The tour continued to go well. Some writers would say that not every theater was full, but Jerry Lee remembers it as a triumph, night after night, an unending standing ovation. In Glasgow, the crowd rushed the stage, Jerry Lee climbed atop the piano, and a few fans followed him there, too, breaking the lid. The instrument was left in such a pitiful condition that promoters were forced to cancel an upcoming classical concert.

He was invited back for another tour the following year, and the one after that.

On the opening night of his May 1963 tour, he walked onto the stage in Birmingham to a standing ovation and left it running, chased by fans who had ripped away his jacket, tie, and half his shirt. “No matter what you have read, no matter what you have heard, watching Jerry Lee Lewis on stage always produces a profound shock for the ears, the eyes, and for the very soul,” wrote Alan Stinton in the Record Mirror. “What Jerry does on stage is so beyond the realms of human imagination that no one can fully anticipate the aura of sheer magical excitement which he creates.” And the crowd chanted:

We want Jerry!

We want Jerry!

We want Jerry!


At home in Ferriday, planting season had come and gone for the spring crops, the bounty of the Southern table.
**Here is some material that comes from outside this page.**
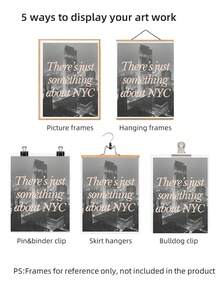 1张无框纽约市海报，帝国大厦印刷品，复古纽约摄影墙饰，适用于卧室、客厅、宿舍 | 房间装饰画，复古装饰，宿舍必备 - 彩色 - 查看 6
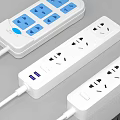 Switch Panels And Power Strips Featuring Multiple Sockets In White Black Designs For Home Use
Old men walked through fields of tomatoes and okra and squash, searching for blight, hoping for rain but not too much, thumping off the stinging, leaf-eating caterpillars and stomping them underfoot. In the rows of yellow squash, the old men took the first blooms and pinched them off the way their fathers had taught them to do. They were wise old men and knew that sometimes a bloom is not a bloom at all, just a flower, just something pretty to look at, and nothing would grow from it. They call them false blooms.





10


AMERICAN WILDERNESS




The Road

1963

He was supposed to be done again, finished again, but he was too hard-headed to lie flat. He had merely risen again, this time in neon almost two stories tall, glowing over the Memphis streets. He had a regular gig playing the Oriental, a nightclub owned by his latest manager, Vegas-hard-and-slick Frank Casone, who hung the giant electric Jerry Lee over the club to usher in the tourists. It had blazing yellow hair and blinking neon fingers and looked just like him, people said, a Jerry Lee you could see from space. He swaggered out onstage as if against a crosswind, listing a little, and as he approached the piano, he located a petite blonde beauty standing with her girlfriends near the stage.
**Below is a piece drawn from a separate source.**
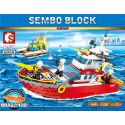 SEMBO 603036 non Lego TÀU CỨU HỎA TRÊN BIỂN bộ đồ chơi xếp lắp ráp ghép mô hình Fire Rescure FIRE FRONTLINE 474 khối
“He just picked me up—I didn’t weigh but ninety-eight pounds, soaking wet—and sat me down on the piano,” said Gail Francis, who had ventured bravely into downtown Memphis after dark to see the infamous Jerry Lee Lewis play real rock and roll. Her girlfriends were jealous.

“I was a looker then,” she said.

She remembers that he seemed very drunk or a little bit high or maybe both, but the moment he reached the piano stool and stretched his fingers out to rest them on the keys, well, there was just something about it, something hard to explain after all this time, something sweet and sad but magic just the same.

“He was mostly there in spirit,” she said.

The place was jammed, she remembers, “mostly girls, and he sure had some admirers there,” she said. She cannot remember everything he played and sang, but remembers singing along to “Great Balls of Fire.”

“It was exciting. It was fun, sitting on that piano. I know I’ll never forget that.”